Thanks for that.
The following is not a reply to you but is more information relating to x86 targets.
I replied to keep it tied to the thread of consciousness. ![]()
I did a bit of analysis and it looks like the x86 builds may be
too generalized to get the device specific package list in the
one case of target x86/geode.
The script could map to generic in all x86 cases and provide
a note about manual intervention for the x86/geode case.
With the possibility of more changes in the snapshot ecosystem,
I'm inclined to not do a lot of work to customize the script for it.
Some info from my analysis:
On https://downloads.openwrt.org/snapshots/targets/
There are 4 sub-directories for x86 which would be nice if they match
the json $.release.target value from ubus call system board
so the script can build a functional URL.
x86/64/
x86/generic/
x86/geode/
x86/legacy/
To get the device specific package list with jsonfilter of the profiles.json file,
the system board value with json key $.board_name should match
one of the keys under json path $.profiles[*]

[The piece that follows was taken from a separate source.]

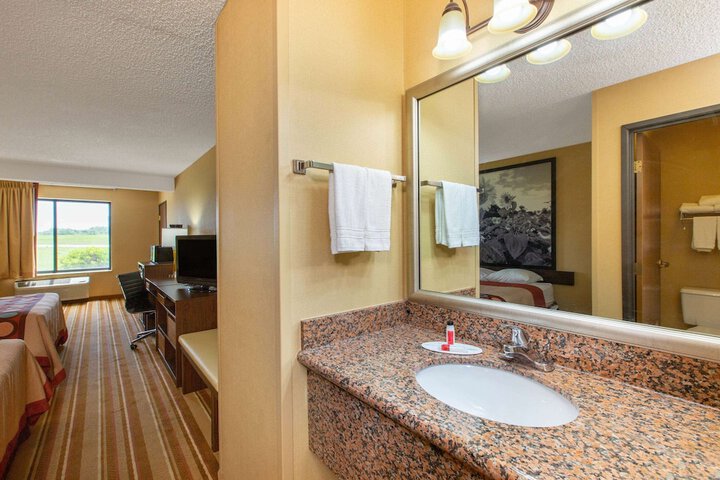 Room 17 of 42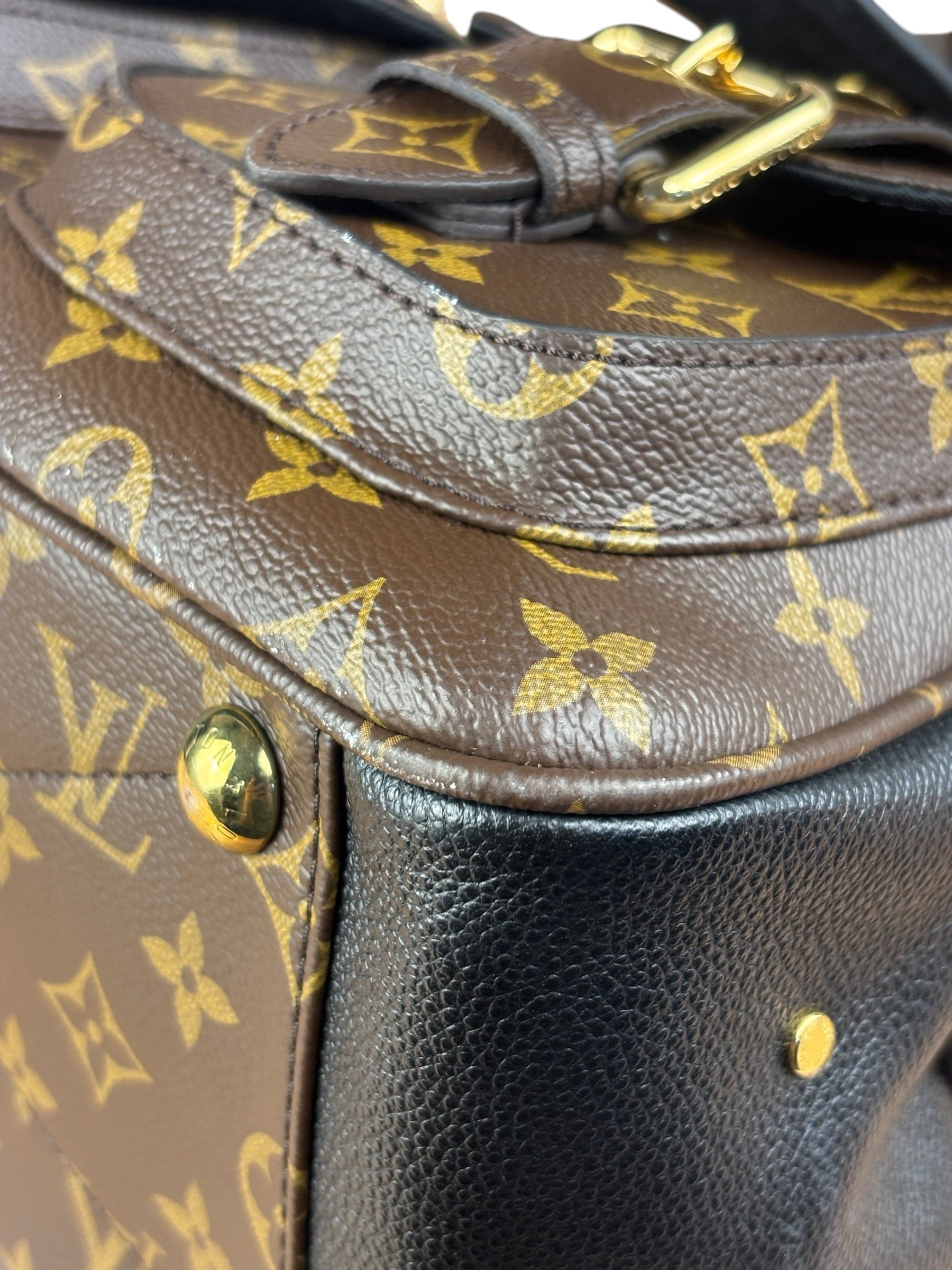 Louis Vuitton Monogram Manhattan NM Handbag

https://downloads.openwrt.org/snapshots/targets/x86/64/profiles.json has 32 default packages listed and has $profiles[*] genericwith 12 device specific packages listed and nothing else from yourubuscall example that seems to align but the script could do a static mapping togeneric`.
https://downloads.openwrt.org/snapshots/targets/x86/generic/profiles.json has 32 default packages listed and has $profiles[*] genericwith 12 device specific packages listed but the script could do a static mapping togeneric`.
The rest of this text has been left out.